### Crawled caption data
——————

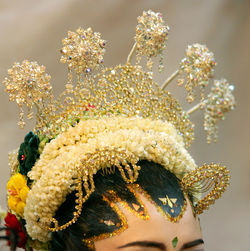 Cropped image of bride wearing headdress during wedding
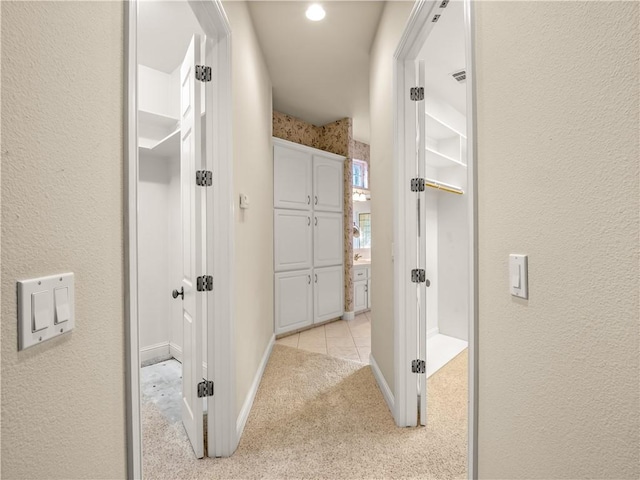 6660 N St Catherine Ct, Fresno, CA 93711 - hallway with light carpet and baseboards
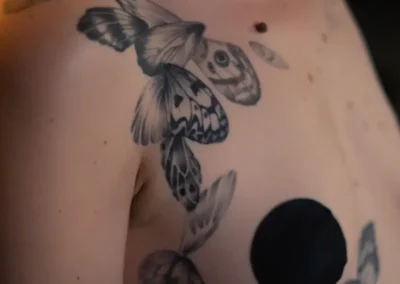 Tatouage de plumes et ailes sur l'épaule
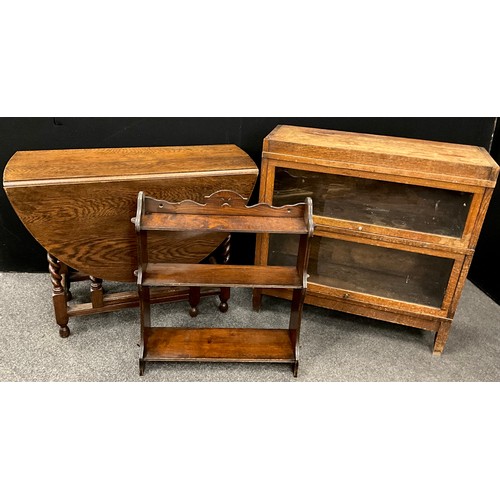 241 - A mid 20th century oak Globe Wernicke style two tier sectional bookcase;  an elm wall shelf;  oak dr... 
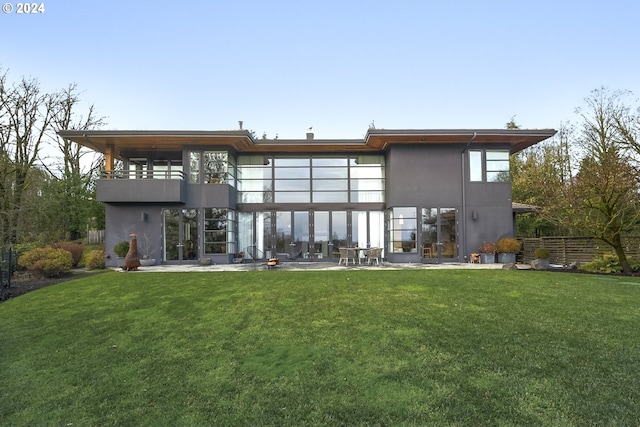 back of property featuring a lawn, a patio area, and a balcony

——————

### Exercise directions
Provide an exact copy of only the lines from the beginning of the entries through the line containing "241 - A mid", both ends included, with no pictures.

### Solution to this task
 Cropped image of bride wearing headdress during wedding
 6660 N St Catherine Ct, Fresno, CA 93711 - hallway with light carpet and baseboards
 Tatouage de plumes et ailes sur l'épaule
 241 - A mid 20th century oak Globe Wernicke style two tier sectional bookcase;  an elm wall shelf;  oak dr... 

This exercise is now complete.